Brand new, modern, efficient Passport Center in Ukraine (photo by Bogdan Gandziuk)
I had heard many horror stories from expats and Ukrainians about the nightmarish Soviet-style bureaucracy involved in obtaining immigration documents. Imagine my surprise when I learned that Ukraine has just within the last month started to offer foreigners the use of their new, modernized passport centers. I was pleasantly surprised by the comfort, ease, and efficiency of the experience. There were no long miserable queues, no petty bribes, no uncaring bureaucrats. There was even a coffee bar!
Nearly two weeks ago I obtained my Ukraine type “D” visa”, which was the second to the last step to obtaining temporary residency. The final step is to apply for a temporary residence permit at the relevant Ukrainian government office, with several documents:
- Passport with “D” visa and border entry stamp
- Original Ukraine work permit
- Copies of proof of private Ukrainian health insurance policy
- Employment agreement with company which is sponsoring residency (in my case this is a Ukrainian company I formed specifically for this purpose, though to make the process easier my Ukrainian lawyer is a director)

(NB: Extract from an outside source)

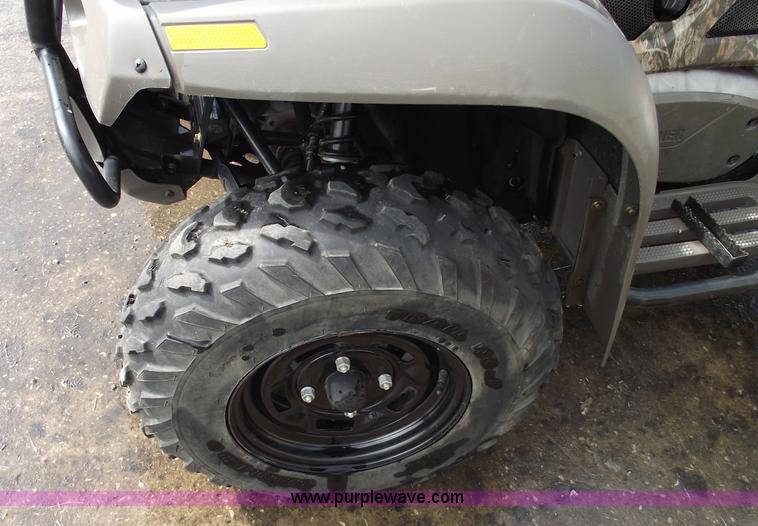 image for item A4202 2003 Bombardier Quest 650 camo four wheeler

- Residency application form
- Application fee
I had been warned to anticipate a nightmarish Soviet-style bureaucracy, in which one shuffles through multiple slow-moving queues and hopes that the unpleasant bureaucrats will be satisfied with your documents or will not be too unreasonable in demanding bribes. Imagine my surprise when I went to the Ukrainian Passport Center here in Kyiv, located in a downtown shopping mall. It was well lit, staffed with young and surprisingly pleasant workers (who spoke English!), and used a take-a-number system so there were no long hours spent holding one’s place in a line. My Ukrainian lawyer even made an appointment online in advance, to minimize wait time.
As it happens, there was a mistake in my employment agreement document. Or rather, some legal terminology was not exactly to their liking. Normally this would mean yet another bureaucratic nightmare, but to my surprise the officer (a girl not more than 25; Ukraine seems to have purged much of their old civil service) gave us the office’s email address and allowed my lawyer to correct the document and email it to her, after which she printed it out for us to sign. Try doing that at a DMV in the US!

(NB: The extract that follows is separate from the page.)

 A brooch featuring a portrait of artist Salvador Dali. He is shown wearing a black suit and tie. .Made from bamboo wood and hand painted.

Because of this problem with the document it took about three hours to complete the process. Had the document been correct, the entire process soup to nuts would probably have been under 45 minutes. Considering that the conclusion of this process is a permit that allows a foreigner to live and work in Ukraine for three years, I’d say that’s astonishing.

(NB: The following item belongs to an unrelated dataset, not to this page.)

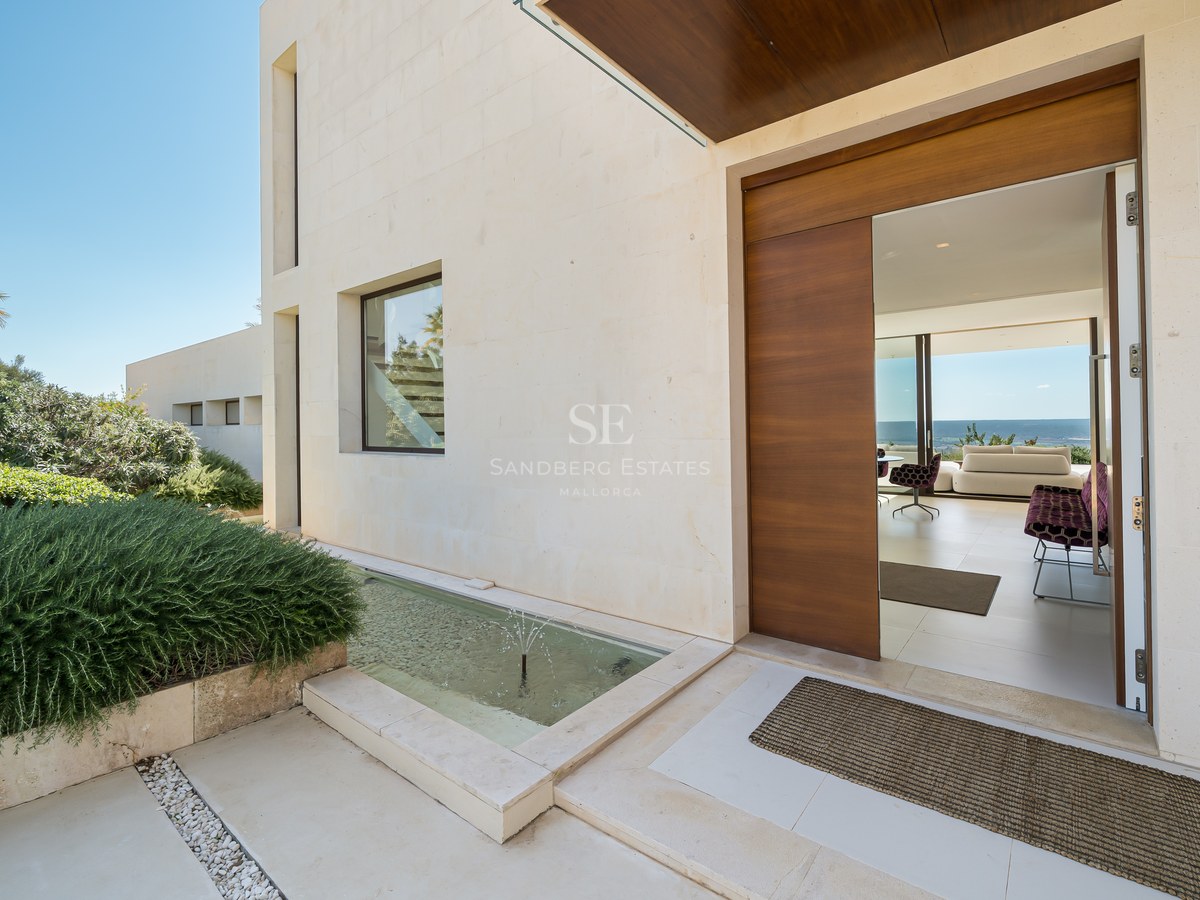 Vista exterior de una moderna casa con piscina, amplios ventanales, terraza de madera y exuberante vegetación. Arquitectura minimalista.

Another surprise for me is that this center was overwhelmingly dealing with foreigners. Ukrainians go to this same office to get their passports issued or renewed, but there were easily 10 foreigners for every Ukrainian. But, strangely, no Europeans or Americans. As far as I could tell from the languages spoken, most of the applicants were from India, Pakistan, Arabic-speaking countries, and Africa. I’m told these groups come here because they can study in Ukraine’s top universities for much less than the alternatives, though I’m sure some of the applicants where coming here to work or start businesses. I bet this lack of Western representation won’t last. There’s just too much potential here to keep it a secret much longer.
Issuance of the permit takes up to three weeks. When it’s ready, the office will send a text message to my Ukrainian phone number, in English, and I’ll make an appointment to come back and obtain the actual permit card. Legally that is all that is required to live and work here, but in practice I will also need a Ukrainian bank account, about which more later.